W maju 1925 r. - w niedzielę Trójcy Świętej - Helena dokonała formalnego oddania siebie Trójcy Świętej, prosząc jednocześnie o dar powołania zakonnego. Dwa lata później, we wrześniu 1927 r., zastukała do drzwi Zgromadzenia Sióstr Maryi Niepokalanej i 7 grudnia jako kandydatka została do niego przyjęta. W okresie kandydatury pracowała najpierw w przedszkolu w Zgodzie, a później w szpitalu hutniczym w Rozdzieniu. Na początku 1928 r. rozpoczęła postulat.

Wkrótce okazało się, iż Helena cierpi na jakąś niezdiagnozowaną wcześniej chorobę, która rozwija się w szybkim tempie, najprawdopodobniej guza mózgu. Jednak mimo kłopotów ze zdrowiem otrzymała zgodę na obłóczyny, po czym 23 października 1929 r. rozpoczęła nowicjat w Nysie, przyjmując habit zakonny i nowe imię - Maria Dulcissima. - Bardzo chciała pomagać Panu Jezusowi w ratowaniu dusz: „O Jezu, jak bardzo pragnę z kapłanami ratować dusze dla Ciebie! Pozwól mi pomagać księżom”. Wiele modliła się za kapłanów. „O Duchu Święty, Ty nieznany Boże dzisiejszego świata, oświeć naszych księży i daj im słuszne słowa, by uratowali wiele dusz”, prosiła - wspomina s. Małgorzata.

Umarła święta

Stan zdrowia s. Dulcissimy ulegał ciągłemu pogarszaniu się. Jeśli następowała poprawa, trwała bardzo krótko.

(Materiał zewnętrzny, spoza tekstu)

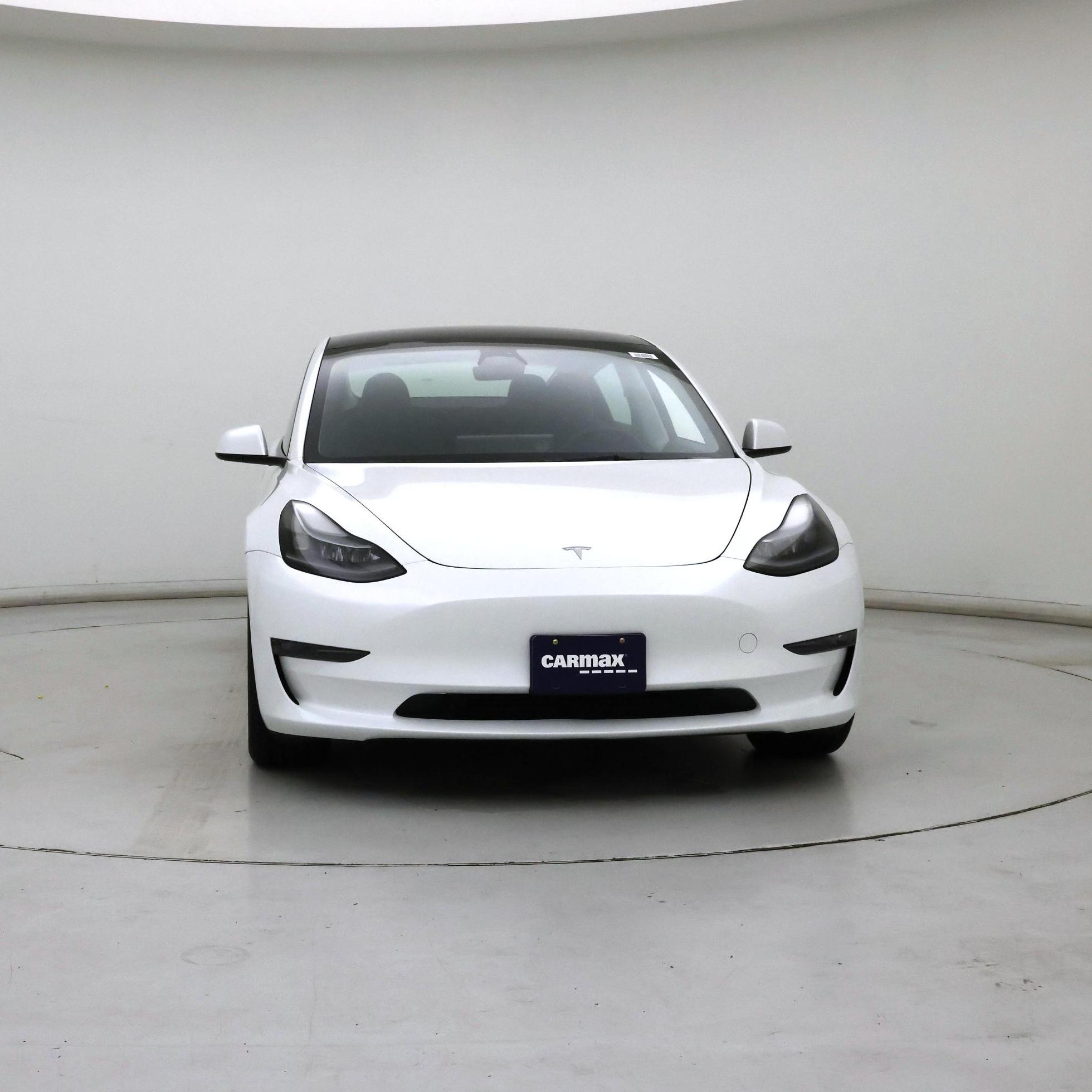 Thumbnail: 2023 Tesla Model 3 - 5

Ponieważ przełożeni liczyli się z możliwością rychłej śmierci młodej zakonnicy, już podczas nowicjatu, w sierpniu 1931 r., zezwolili jej na złożenie ślubów warunkowych, a 18 kwietnia 1932 r. - pierwszej profesji zakonnej. Do ślubu ubóstwa, czystości i posłuszeństwa dodała od siebie ślub wiecznej miłości. Podczas Wielkiego Postu 1935 r. ujawnił się kolejny szczególny dar - wewnętrzne, a przez to niewidzialne na zewnątrz stygmaty, początkowo na rękach i nogach, potem także na sercu.

Nigdy się nie skarżyła i nie narzekała, lecz za wszystko dziękowała Bogu, także za cierpienie. „Wszystko jest łaską, również to, że jestem głupia. Dla świata można być głupim, ważne jest to, że u Boga jest się dzieckiem”.

12 maja 1936 r. s. Dulcissima po raz ostatni przyjęła sakrament chorych i Komunię św. Pięć dni później do swojej opiekunki s. Lazarii powiedziała: „Jezus jest zawsze przy mnie. (...) Idę do domu”. Zmarła 18 maja, o 5.30. Pogrzeb odbył się 22 maja na brzeskim cmentarzu. „Jako dziewięcioletni chłopak uczestniczyłem w jej pogrzebie. To była manifestacja, jakiej w Brzeziu nie było i długo nie będzie. Ksiądz proboszcz Borzucki powiedział, żeby ludzie przyszli ubrani jak na wesele, bo umarła osoba święta” - napisał w swoim świadectwie Kazimierz Darowski, dodając, że zarówno on, jak i jego brat Jan Darowski, poeta i tłumacz Czesława Miłosza i Wisławy Szymborskiej, zostali w dzieciństwie uzdrowieni dzięki modlitwie s. Dulcissimy. Jej grób stał się lokalnym sanktuarium, gdzie gromadzą się ludzie i za wstawiennictwem sługi Bożej wypraszają wielkie łaski.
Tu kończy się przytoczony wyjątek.